Gazi Mustafa Kemal Atatürk’ün önderliğinde, yüce Türk milleti emperyalist güçlere karşı destansı bir direniş sergiledi. Büyük Taarruz, bir milletin kaderinin değiştiği, bağımsızlık ve özgürlük ateşinin yeniden alevlendiği bir dönüm noktasıydı. 30 Ağustos, sadece bir askeri zaferin ötesinde, Türkiye Cumhuriyeti’nin temellerinin atıldığı, bağımsız bir devletin varlık mücadelesinin taçlandığı gündür.
Bugün, 30 Ağustos Zafer Bayramı’nı kutlarken, sadece geçmişe değil, geleceğe de umutla bakmalıyız. Bu zafer, bize birlik ve beraberlik içinde olduğumuzda neleri başarabileceğimizi gösteren en büyük derslerden biridir. Tarihimizin bu onurlu sayfası, bize bağımsızlık ruhunu, vatan sevgisini ve millet olma bilincini her daim hatırlatmaktadır.

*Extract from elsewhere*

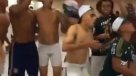 Los festejos de Jorge Valdivia tras avance de Palmeiras a la final del Campeonato Paulista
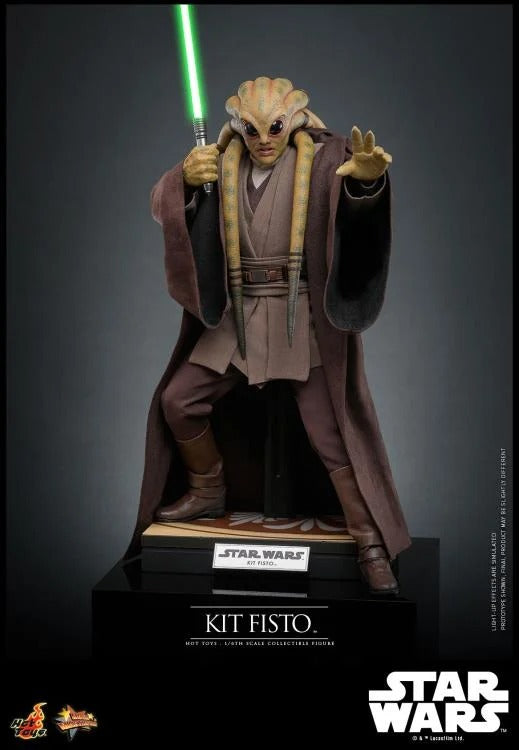 Star Wars: Revenge of the Sith - Kit Fisto 1/6th Scale Collectible Figure - MMS751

Ancak Zafer Bayramı’nı sadece anmakla kalmamalı, bu günün anlamını ve önemini genç nesillere aktarmak için çaba göstermeliyiz. Zira tarihini bilmeyen milletlerin geleceğini inşa etmeleri zordur. 30 Ağustos’un taşıdığı anlam, yalnızca geçmişte yaşanan bir zafer olarak kalmamalı, geleceğe ışık tutan bir rehber olmalıdır.
Unutulmamalıdır ki, bu zaferi kazanan irade, aynı zamanda barışın ve çağdaş bir toplumun da mimarı olmuştur. Atatürk’ün “Yurtta sulh, cihanda sulh” ilkesi, bu büyük zaferin ardından yükselen bir hedef olarak karşımızda durmaktadır. Bugün, hem ülkemizde hem de dünya genelinde barışa, birliğe ve dayanışmaya her zamankinden daha fazla ihtiyaç duyuyoruz.

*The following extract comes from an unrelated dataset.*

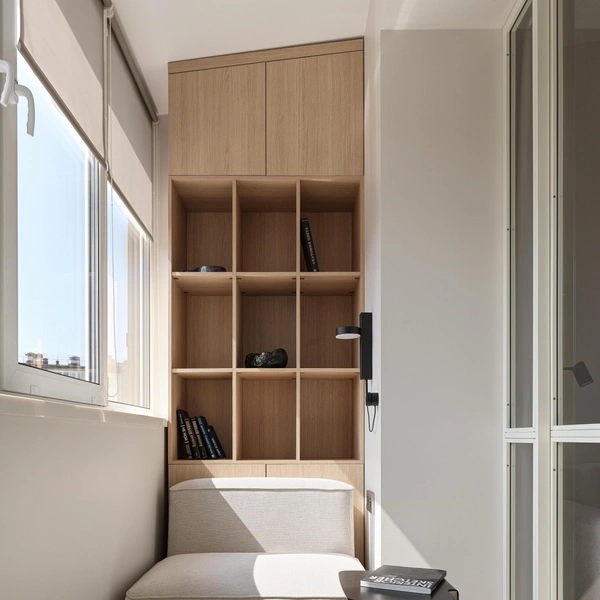 Багатофункціональні меблі для балкона Створення затишку та порядку за допомогою багатофункціональних меблів на балконі.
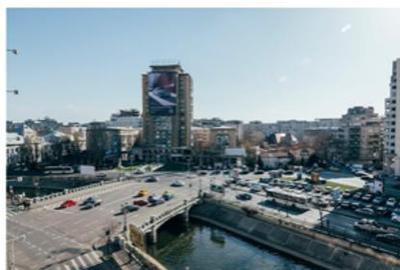Calea Victoriei,Splai, 2 camere tip studio, etaj 5, vedere supera catre Splai,45 - 12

Sonuç olarak, 30 Ağustos Zafer Bayramı, bize sadece askeri bir zaferi değil, aynı zamanda bağımsızlık, özgürlük ve çağdaşlaşma yolundaki kararlılığı hatırlatmaktadır. Bu anlamlı gün, geçmişten aldığımız derslerle geleceği inşa ederken bize rehberlik etmeye devam edecektir. Büyük Zafer’in 102. yılında, başta Mustafa Kemal Atatürk olmak üzere, tüm şehitlerimizi saygı, rahmet ve minnetle anıyoruz. Onların bize miras bıraktığı bu ülkeye sahip çıkmak, en büyük görevimizdir. Zafer Bayramımız kutlu olsun!